FreedomWorks was one of the key forces behind the Tea Party movement and the far-right’s attempts to undermine the Obama administration.
● Announced in May 2024 it would be shutting down
● One of the key forces behind the Tea Party movement in 2009-2010
● Popularized “astroturfing” strategies to engineer campaigns that resembled grassroots, community-led efforts
● Adam Brandon, President and Board Member
● Noah Wall, Executive Vice President
● Joan Carter, Chair (FreedomWorks Inc.) & Board Member
FreedomWorks Inc. was a 501(c)(4) advocacy group that was one of the key forces behind the Tea Party movement and the far-right’s attempts to undermine the Obama administration, prior to shutting down in May 2024.

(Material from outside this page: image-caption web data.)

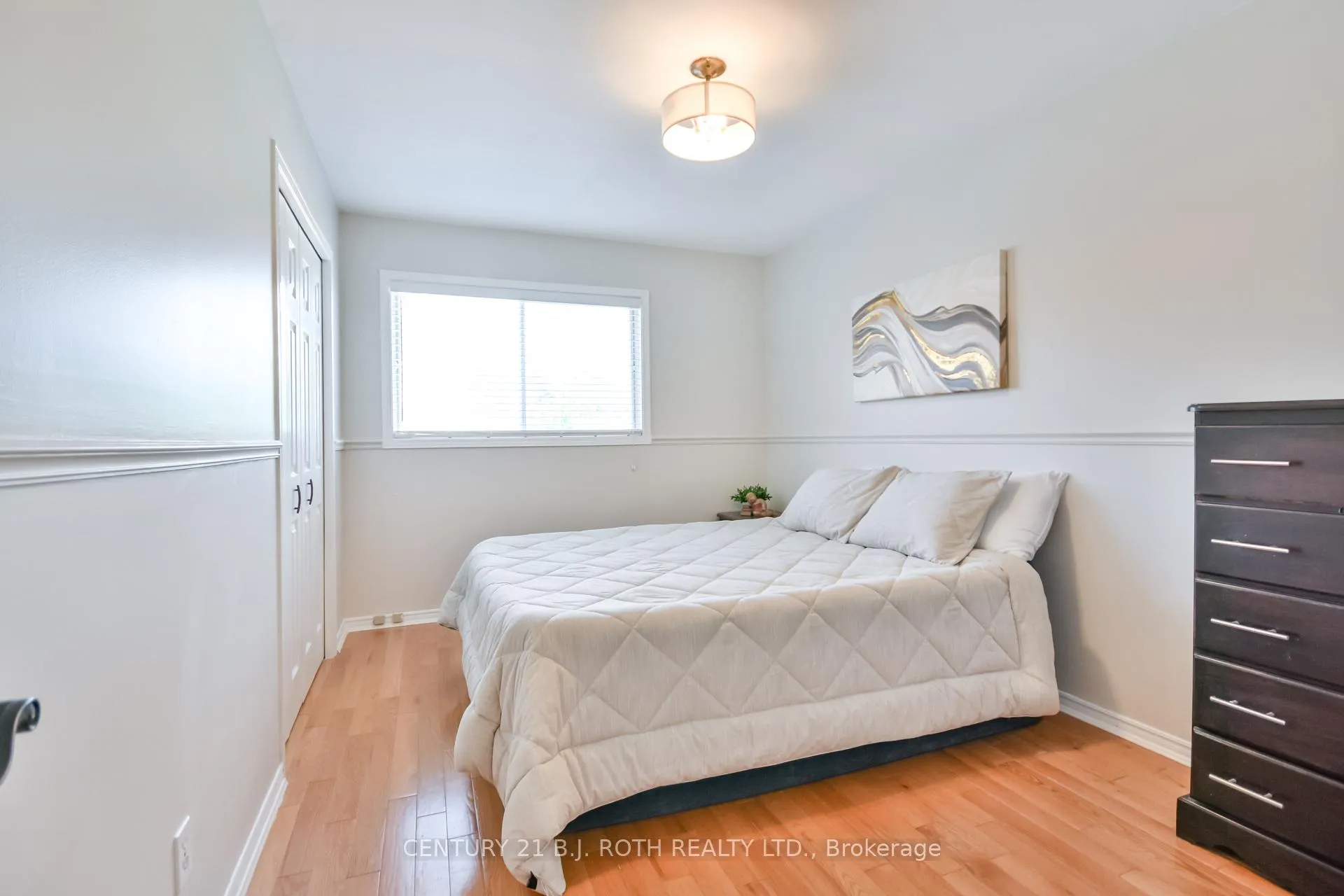 Photo 23 of 25 Keats Drive, Barrie, Letitia Heights — HOMEH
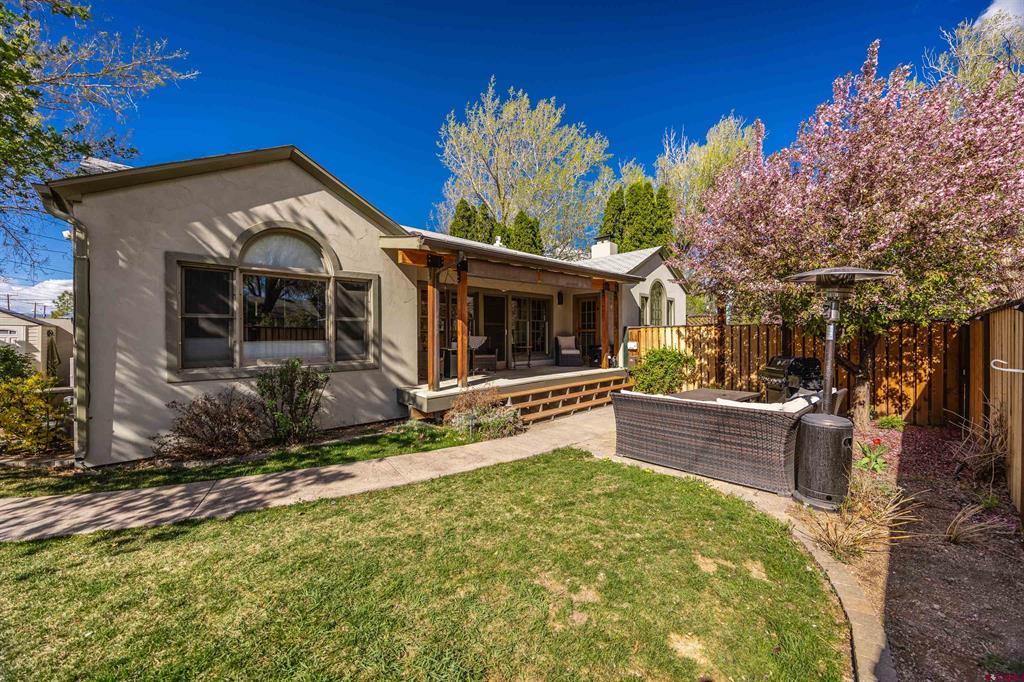 1146 S 2nd Montrose CO 81401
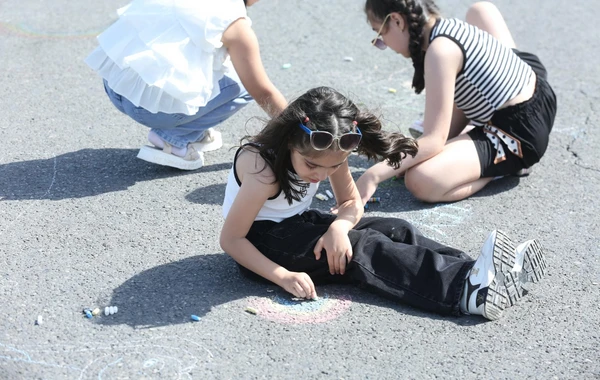 Heydər Əliyev Mərkəzinin parkında Uşaq festivalı keçirilib - FOTO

The organization popularized the “astroturfing” strategy, whereby political operatives and wealthy special interests sponsor seemingly spontaneous events and provide activists with prewritten talking points to create the impression of a grassroots political movement. FreedomWorks claims that it “breaks down the barriers between the beltway insiders and grassroots America,” when, in reality, the group was established and is run by longtime conservative strategists who engineer insincere campaigns designed to resemble community-led efforts.
Adam Brandon was the president of FreedomWorks and the FreedomWorks Foundation. He was in charge of managing the operations of the various FreedomWorks entities, including the 501(c)(3) foundation, 501(c)(4) issue activism effort, and two political action committees.
Brandon is also a member of the highly secretive networking group, the Council for National Policy, and an advisory council member at Turning Point USA, which helped organize the rally preceding the attack on the Capitol on January 6, 2021.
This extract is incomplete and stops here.